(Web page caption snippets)
--- START ---

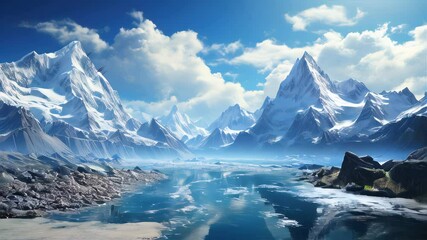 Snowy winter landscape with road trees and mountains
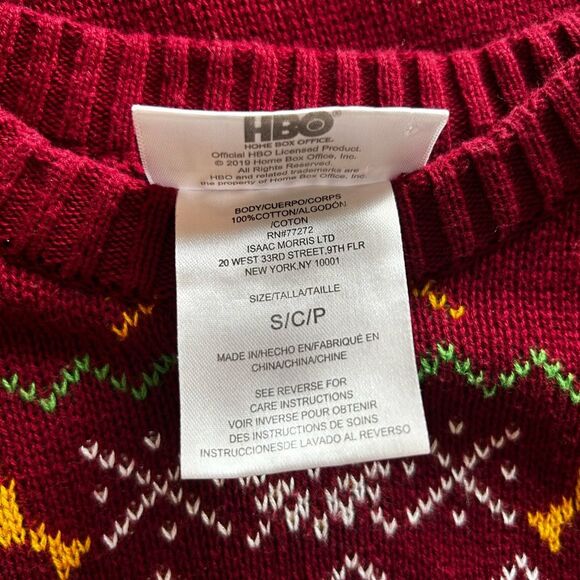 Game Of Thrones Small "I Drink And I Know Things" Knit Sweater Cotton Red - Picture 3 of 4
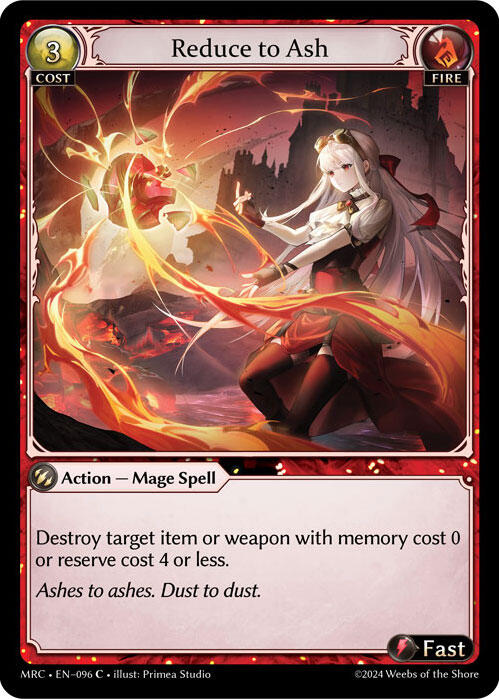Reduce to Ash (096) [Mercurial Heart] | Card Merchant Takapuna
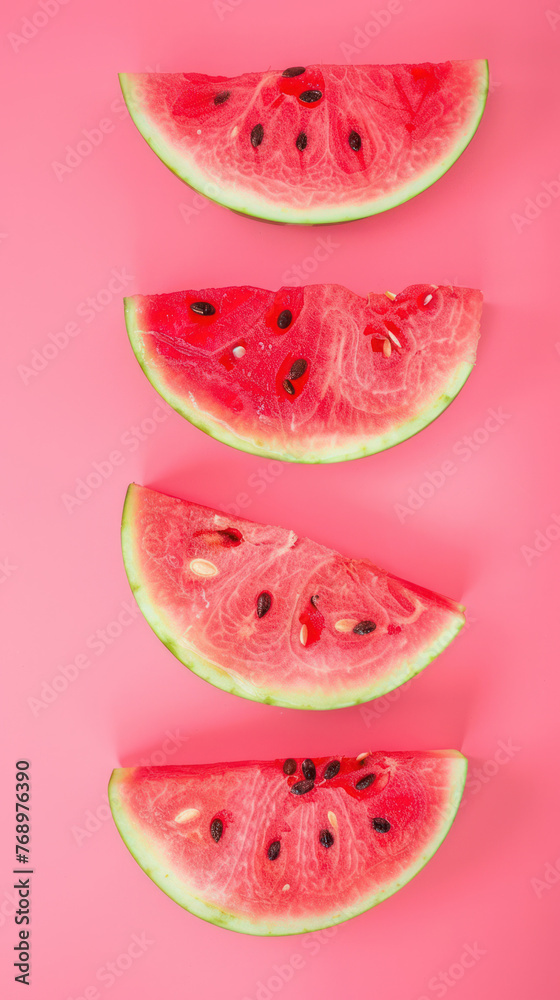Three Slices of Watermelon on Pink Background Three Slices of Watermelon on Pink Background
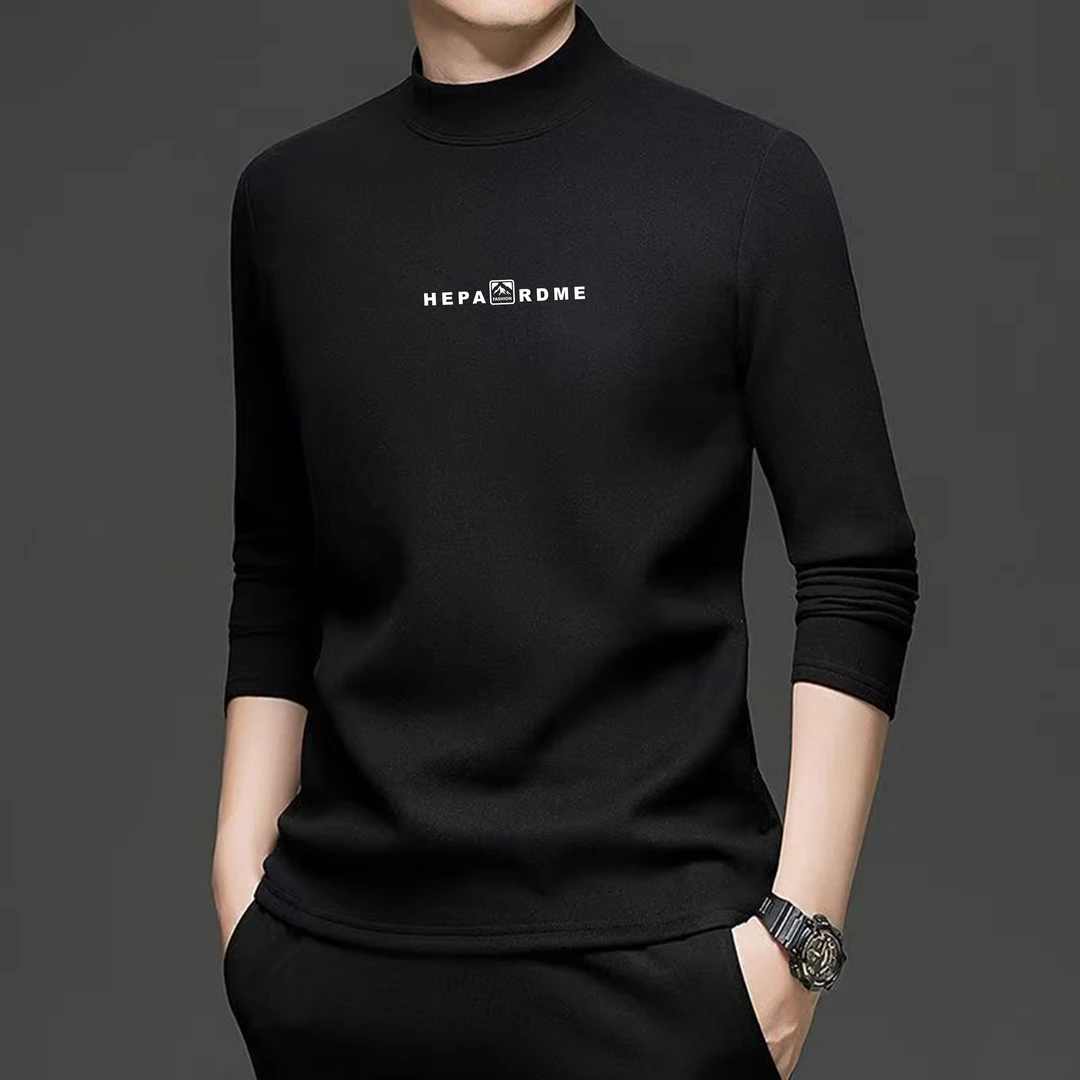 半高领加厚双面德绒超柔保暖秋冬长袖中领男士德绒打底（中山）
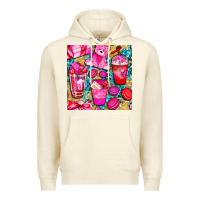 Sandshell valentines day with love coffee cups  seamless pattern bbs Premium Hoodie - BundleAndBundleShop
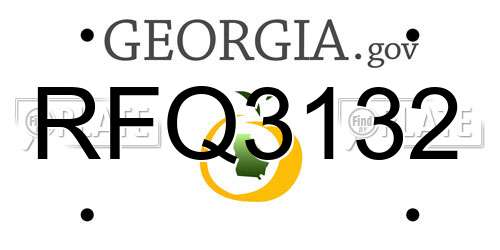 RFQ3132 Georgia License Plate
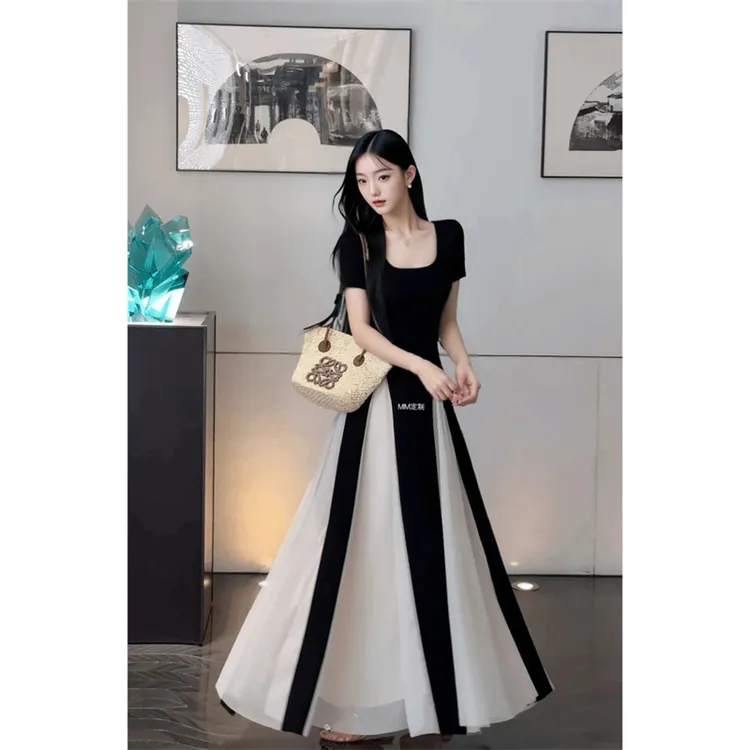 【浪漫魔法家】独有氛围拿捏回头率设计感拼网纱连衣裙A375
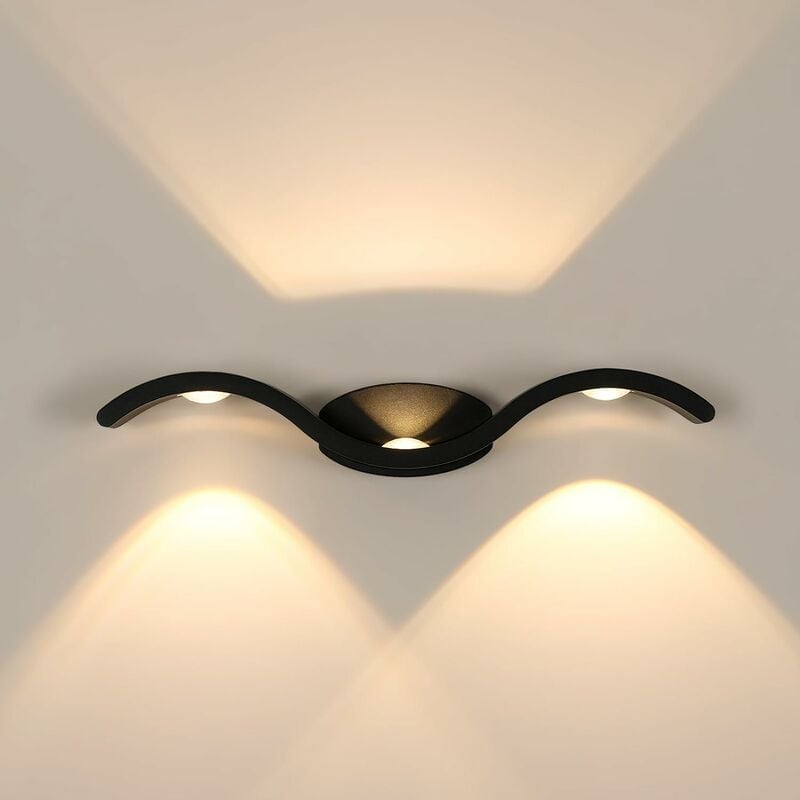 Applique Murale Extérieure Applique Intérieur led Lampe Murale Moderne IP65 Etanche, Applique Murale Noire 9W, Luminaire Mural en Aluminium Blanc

--- END ---

## Work task
Leave out the pictures and set down all of the data exactly.

## Response area
 Snowy winter landscape with road trees and mountains
 Game Of Thrones Small "I Drink And I Know Things" Knit Sweater Cotton Red - Picture 3 of 4
Reduce to Ash (096) [Mercurial Heart] | Card Merchant Takapuna
Three Slices of Watermelon on Pink Background Three Slices of Watermelon on Pink Background
 半高领加厚双面德绒超柔保暖秋冬长袖中领男士德绒打底（中山）
 Sandshell valentines day with love coffee cups  seamless pattern bbs Premium Hoodie - BundleAndBundleShop
 RFQ3132 Georgia License Plate
 【浪漫魔法家】独有氛围拿捏回头率设计感拼网纱连衣裙A375
 Applique Murale Extérieure Applique Intérieur led Lampe Murale Moderne IP65 Etanche, Applique Murale Noire 9W, Luminaire Mural en Aluminium Blanc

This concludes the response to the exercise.